- **Exercise details**
Range to copy from the entries below: the line containing "Faded Glory Womens" through the line containing "thumbnail image 2", inclusive. Retype only those lines, exactly, without any images.

- **The records**
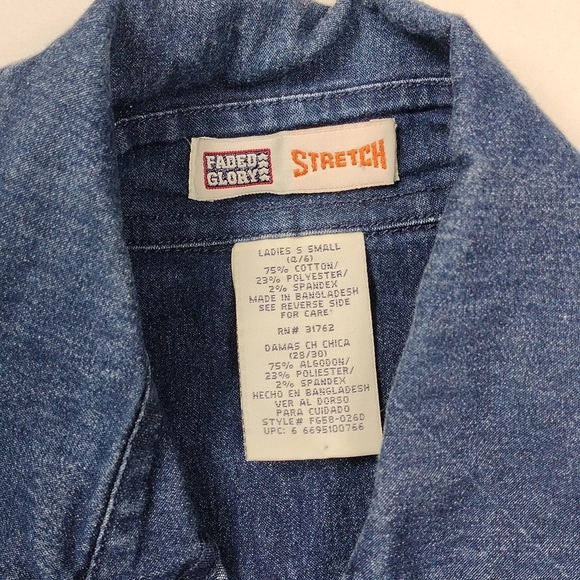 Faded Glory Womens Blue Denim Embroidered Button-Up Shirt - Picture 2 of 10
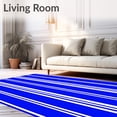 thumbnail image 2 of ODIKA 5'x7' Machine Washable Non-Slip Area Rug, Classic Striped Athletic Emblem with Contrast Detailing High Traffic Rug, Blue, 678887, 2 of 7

--

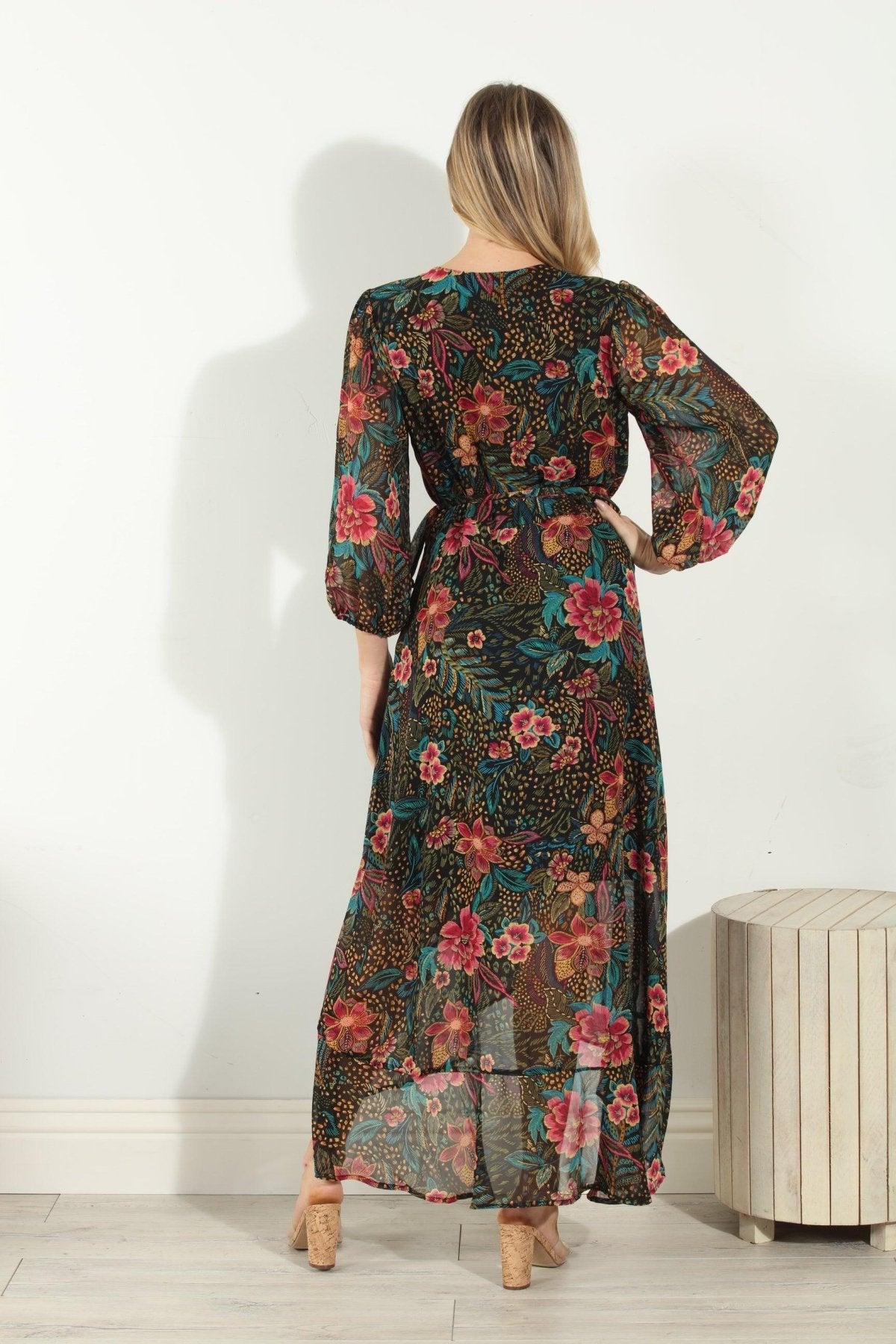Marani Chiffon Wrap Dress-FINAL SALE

* * *

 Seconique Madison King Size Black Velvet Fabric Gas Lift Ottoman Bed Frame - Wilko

- **Answer space**
 Faded Glory Womens Blue Denim Embroidered Button-Up Shirt - Picture 2 of 10
 thumbnail image 2 of ODIKA 5'x7' Machine Washable Non-Slip Area Rug, Classic Striped Athletic Emblem with Contrast Detailing High Traffic Rug, Blue, 678887, 2 of 7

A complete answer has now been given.